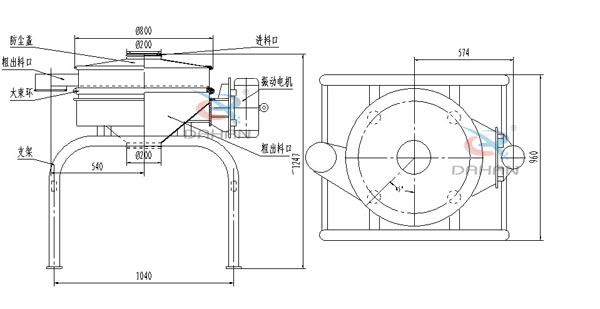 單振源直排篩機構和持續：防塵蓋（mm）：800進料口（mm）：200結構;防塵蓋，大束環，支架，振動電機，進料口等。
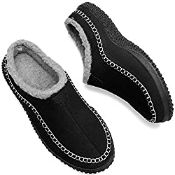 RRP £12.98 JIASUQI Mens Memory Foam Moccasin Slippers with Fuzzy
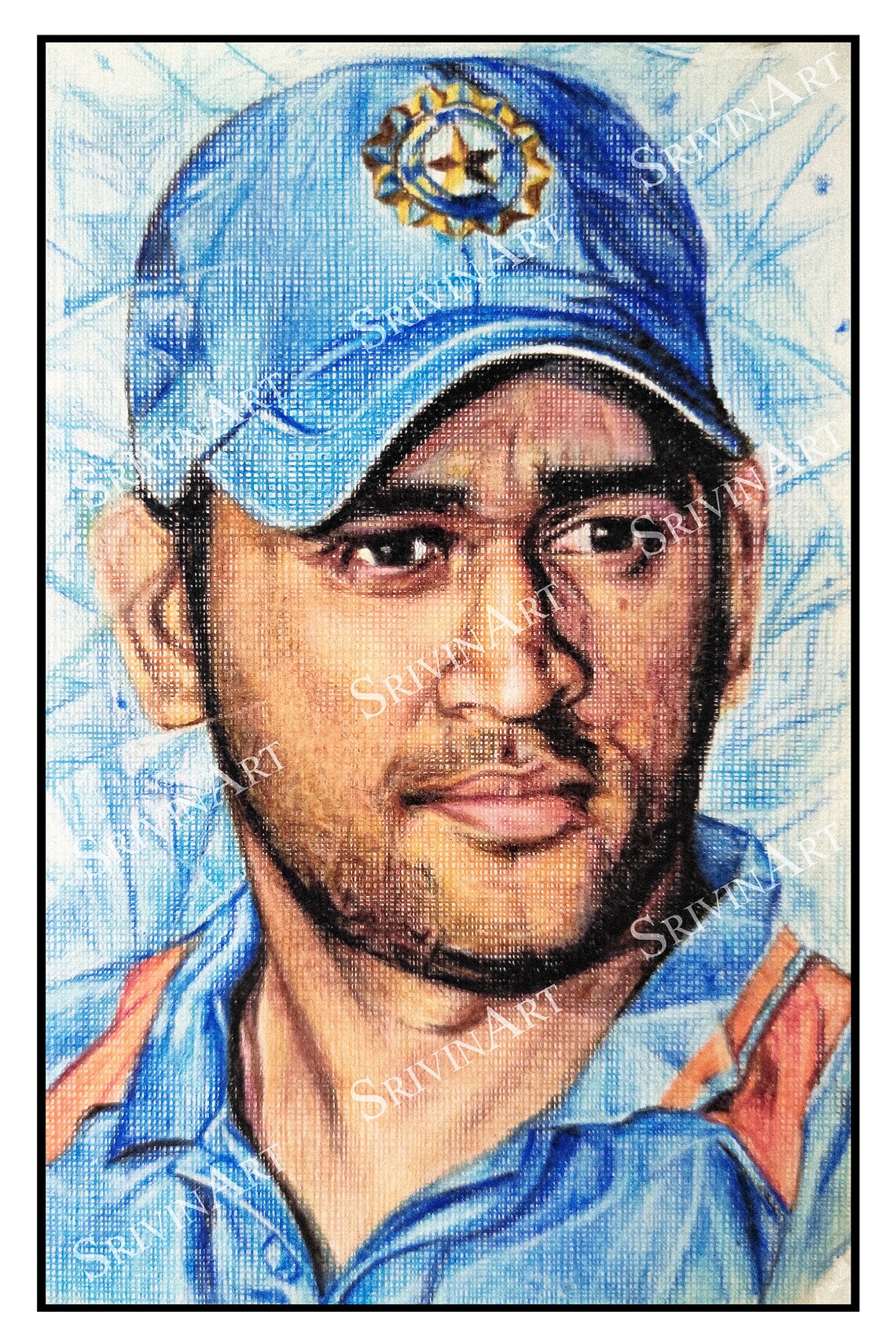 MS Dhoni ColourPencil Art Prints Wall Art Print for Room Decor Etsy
---+---
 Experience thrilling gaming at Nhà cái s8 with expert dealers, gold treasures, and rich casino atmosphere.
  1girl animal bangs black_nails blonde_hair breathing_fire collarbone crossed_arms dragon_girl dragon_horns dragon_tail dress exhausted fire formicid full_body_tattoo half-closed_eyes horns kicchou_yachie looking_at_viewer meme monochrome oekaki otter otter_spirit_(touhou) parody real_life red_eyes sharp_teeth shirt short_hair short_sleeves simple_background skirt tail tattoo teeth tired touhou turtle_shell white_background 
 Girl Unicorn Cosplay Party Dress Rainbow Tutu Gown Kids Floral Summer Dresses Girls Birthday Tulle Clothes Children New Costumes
---+---
* WORK REQUIRED *
In the listing above, find the line containing "單振源直排篩機構和持續：防塵" and the line containing "MS Dhoni ColourPencil", then print exactly those two lines and every line between them, minus the pictures.

* YOUR RESPONSE *
 單振源直排篩機構和持續：防塵蓋（mm）：800進料口（mm）：200結構;防塵蓋，大束環，支架，振動電機，進料口等。
 RRP £12.98 JIASUQI Mens Memory Foam Moccasin Slippers with Fuzzy
 MS Dhoni ColourPencil Art Prints Wall Art Print for Room Decor Etsy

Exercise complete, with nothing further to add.